Quote Originally Posted by Frank S View Post
One of my late uncles at the time far in the future father in law won a small parcel of land(5,500 acres) in a poker game during the big gold strike in Colorado. At the time thought to only be useful for raising sheep since so much of it was peppered with rocks up to about 12" The land laid pretty much fallow for 60 years until my great uncle married his high school sweetheart. For a wedding present They were given their choice of any 3 sections of the land for their homestead. Sometime in the Early 1900s he and she had managed to turn 1 of those sections of land into productive crop producing farmland My grandpa had married the other sister they were also given 3 sections. Eventually huge traction engines littered the valley dragging plows rakes and wagons with 100s of labors picking up rocks claiming the land for fields the 1 brother of the 2 sisters had received his 3 sections when he got married and he set up a crusher to crush the rocks being hauled out of the fields. Now nearly 140 years since the famed poker game there is probably not a pebble larger than a golf ball anywhere on the original 5,500 acres. Some of the highest grade barley in all of Colorado and potatoes are grown there, At one time there must have been more than 50 24inch diameter artesian wells drilled filling miles upon miles of irrigation canals
Pressing the rocks back into the ground must have never entered their minds. Remove them and they are gone forever if others float up to plow depth, remove them as well.

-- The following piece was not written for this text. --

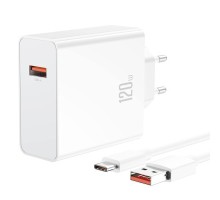 Зарядний пристрій XO L128 120W with cable Type-C white (XO-L128-WH)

They were tough back then. I just think of the amount of labor to load a horse drawn wagon with stones, then hand unload it again in a rock pile. To do 640 acres, took much dedication.
Using a 'mobile' rock crusher would be the ticket, still huge labor investment in digging out the partially buried rocks and lifting them to the height needed. I bet they had to use hammers to make the larger boulders small enough for the crusher.
I look at what our society has now, with people that can't even change oil on their autos, or repair their own home, vs. the folks 100 years ago that did all that, as well built their home. Seems we've inhibited this knowledge transfer, that used to be part of basic survival.